Results of the CEU Summer University on Digital Approaches to Cultures of Dissent in Eastern Europe
CORE AdminDuring the 2019 summer university 'Cultures of Dissent in Eastern Europe (1945-1989): Research Approaches in the Digital Humanities' at the Central European University, we taught a group of 20 researchers how to setup a research project in nodegoat.
This summer university was organised by the NEP4DISSENT network (New Exploratory Phase in Research on East European Cultures of Dissent, COST Action 16213), and also featured courses on text analysis and network analysis. The faculty consisted of Jessie Labov (Center for Media, Data and Society, CEU), Piotr Wciślik and Maciej Maryl (both of the Institute of Literary Research of the Polish Academy of Sciences), Estelle Bunout (Luxembourg Centre for Contemporary and Digital History), Julia Perczel (Department of Network and Data Science, CEU), and Pim van Bree and Geert Kessels of LAB1100.
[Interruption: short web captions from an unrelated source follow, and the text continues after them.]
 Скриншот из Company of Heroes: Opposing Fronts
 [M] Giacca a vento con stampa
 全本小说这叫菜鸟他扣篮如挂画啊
The participants of this 7-day seminar first got the opportunity to learn how to navigate and explore preconfigured databases in a nodegoat research environment. Data for these exploratory exercises were generously provided by the Vera and Donald Blinken Open Society Archives. This data allowed the participants to get a good feel of what can be achieved when a research project has a well-thought-out relational data model at its basis. We also used this data during the classes on named entity recognition (NER) and geographical mapping to show how an NER process can pick up locations that can be plotted on a map.
Once everybody got a good understanding of how a data model can be conceptualised and implemented in nodegoat, participants could start working on their own research projects. Topics for research projects that were setup in nodegoat included an analysis of socialist disco culture, a Russian-German network of group exhibitions on Moscow conceptualism, book distribution networks setup by George Minden, merging bibliographies of samizdat publications, networks of Russian emigre poets, mapping subversive Romanian groups, and a geographic analysis of the Greek society Filiki Eteria.